Близких друзей, правда, не было. Тусовка демократов начала девяностых развалилась: кто-то выпал в осадок, перебиваясь непонятными заработками и утопическими планами возврата в «большую политику», время которой закончилось, кто-то примкнул к олигархам, вспоминая Лену Котову только когда для их империй нужны были деньги ВЭБа. Друзья восьмидесятых стали неинтересны: почти все они на удивление застряли в колесе девяностых, в клетке, которая сначала было распахнулась и смела старые барьеры, но на их месте тут же были возведены новые.
– Володьке Калиновскому звонила, – сообщила Лена мужу, усаживалась в вашингтонском аэропорту в теперь уже старенький золотистый «Форд Таурус». – На телевидении у него дела не пошли…
– Знаю, он в «Интерфакс» перешел.
– Ясен перец, на первом канале выжить… Только при помощи зубов и локтей.

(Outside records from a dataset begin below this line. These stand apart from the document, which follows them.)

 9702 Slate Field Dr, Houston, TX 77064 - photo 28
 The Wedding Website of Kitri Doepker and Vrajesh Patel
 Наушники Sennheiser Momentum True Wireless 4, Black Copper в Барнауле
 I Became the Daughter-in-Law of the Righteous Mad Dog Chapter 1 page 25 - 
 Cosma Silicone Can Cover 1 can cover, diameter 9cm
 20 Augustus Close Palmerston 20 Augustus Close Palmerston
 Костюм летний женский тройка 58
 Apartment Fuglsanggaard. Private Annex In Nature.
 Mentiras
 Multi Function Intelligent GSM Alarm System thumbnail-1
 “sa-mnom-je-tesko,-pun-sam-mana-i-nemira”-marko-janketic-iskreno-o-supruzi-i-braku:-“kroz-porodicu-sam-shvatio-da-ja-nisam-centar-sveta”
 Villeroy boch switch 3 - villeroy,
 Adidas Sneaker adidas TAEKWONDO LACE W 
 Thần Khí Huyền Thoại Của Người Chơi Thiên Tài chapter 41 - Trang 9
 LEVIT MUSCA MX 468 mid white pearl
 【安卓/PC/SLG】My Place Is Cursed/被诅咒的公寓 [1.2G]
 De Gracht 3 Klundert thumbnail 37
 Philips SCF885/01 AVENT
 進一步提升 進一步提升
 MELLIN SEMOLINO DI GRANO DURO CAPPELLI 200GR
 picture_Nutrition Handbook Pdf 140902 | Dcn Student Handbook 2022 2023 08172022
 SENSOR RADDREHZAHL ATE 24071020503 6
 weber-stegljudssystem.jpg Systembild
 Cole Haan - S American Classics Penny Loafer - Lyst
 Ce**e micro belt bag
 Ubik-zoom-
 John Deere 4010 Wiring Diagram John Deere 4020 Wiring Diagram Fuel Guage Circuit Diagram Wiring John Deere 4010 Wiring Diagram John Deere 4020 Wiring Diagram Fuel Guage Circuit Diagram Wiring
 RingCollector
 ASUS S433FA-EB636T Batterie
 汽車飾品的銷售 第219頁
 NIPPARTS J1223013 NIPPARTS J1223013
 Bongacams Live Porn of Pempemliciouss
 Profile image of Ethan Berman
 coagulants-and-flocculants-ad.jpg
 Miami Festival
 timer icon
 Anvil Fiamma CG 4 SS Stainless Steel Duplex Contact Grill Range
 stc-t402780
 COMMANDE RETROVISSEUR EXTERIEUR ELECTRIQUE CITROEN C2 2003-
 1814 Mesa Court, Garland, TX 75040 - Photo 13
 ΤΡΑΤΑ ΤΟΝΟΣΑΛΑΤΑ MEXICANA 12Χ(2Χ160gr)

А еще он с женой развелся.
– И это знаю. Если меня спросить, так это и к лучшему. Она только и делала, что строила и пилила Володьку. Особенно в последние годы.
– «Особенно в последние годы» потому, что кончились накатанные рельсы восьмидесятых. А что их связывало? Ну, кроме тестя-замминистра, теперь совершенно бесполезного, и Володиной карьеры, гарантированной «до», но покрывшейся туманом неопределенности «после»? Разве что цековская квартира, на ремонт которой у него теперь нет денег, и кремлевская поликлиника, где работает жена, но в которой уже нет бесплатных кремлевских пайков.
– Кисик, – в Америке муж как-то реже стал звать ее Аленой, «Кисик» на американской земле звучал выразительнее, – почему ты такой недобрый?
– А разве это неправда?
Никто из тех калиброванных парней, поразивших Лену на иновещании, не сделал карьеры и не удержался в высшей касте, дарованной от рождения. Каста не то чтобы сменилась, кухарок никто никуда допускать не собирался, но пионеры-колонисты революционного «после» существенно потеснили элиту застойного «до».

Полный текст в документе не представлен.